======== Records to process
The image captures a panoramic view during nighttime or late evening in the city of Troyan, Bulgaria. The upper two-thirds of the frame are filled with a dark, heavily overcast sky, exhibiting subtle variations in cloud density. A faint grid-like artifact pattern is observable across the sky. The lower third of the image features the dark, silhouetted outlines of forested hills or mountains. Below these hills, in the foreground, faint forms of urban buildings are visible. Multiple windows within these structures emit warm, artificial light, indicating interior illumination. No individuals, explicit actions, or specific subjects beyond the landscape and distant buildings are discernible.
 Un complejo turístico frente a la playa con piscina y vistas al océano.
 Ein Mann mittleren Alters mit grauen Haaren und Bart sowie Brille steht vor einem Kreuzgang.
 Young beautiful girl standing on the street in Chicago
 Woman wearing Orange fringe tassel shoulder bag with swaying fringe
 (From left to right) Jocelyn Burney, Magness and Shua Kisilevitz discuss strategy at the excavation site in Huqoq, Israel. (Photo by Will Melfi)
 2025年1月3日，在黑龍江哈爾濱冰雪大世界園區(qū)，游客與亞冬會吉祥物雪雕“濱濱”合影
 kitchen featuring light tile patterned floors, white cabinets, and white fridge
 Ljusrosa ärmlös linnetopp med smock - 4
================
The task
Among the lines above, return those that contain the string "with".

Reply to the task
The image captures a panoramic view during nighttime or late evening in the city of Troyan, Bulgaria. The upper two-thirds of the frame are filled with a dark, heavily overcast sky, exhibiting subtle variations in cloud density. A faint grid-like artifact pattern is observable across the sky. The lower third of the image features the dark, silhouetted outlines of forested hills or mountains. Below these hills, in the foreground, faint forms of urban buildings are visible. Multiple windows within these structures emit warm, artificial light, indicating interior illumination. No individuals, explicit actions, or specific subjects beyond the landscape and distant buildings are discernible.
 Woman wearing Orange fringe tassel shoulder bag with swaying fringe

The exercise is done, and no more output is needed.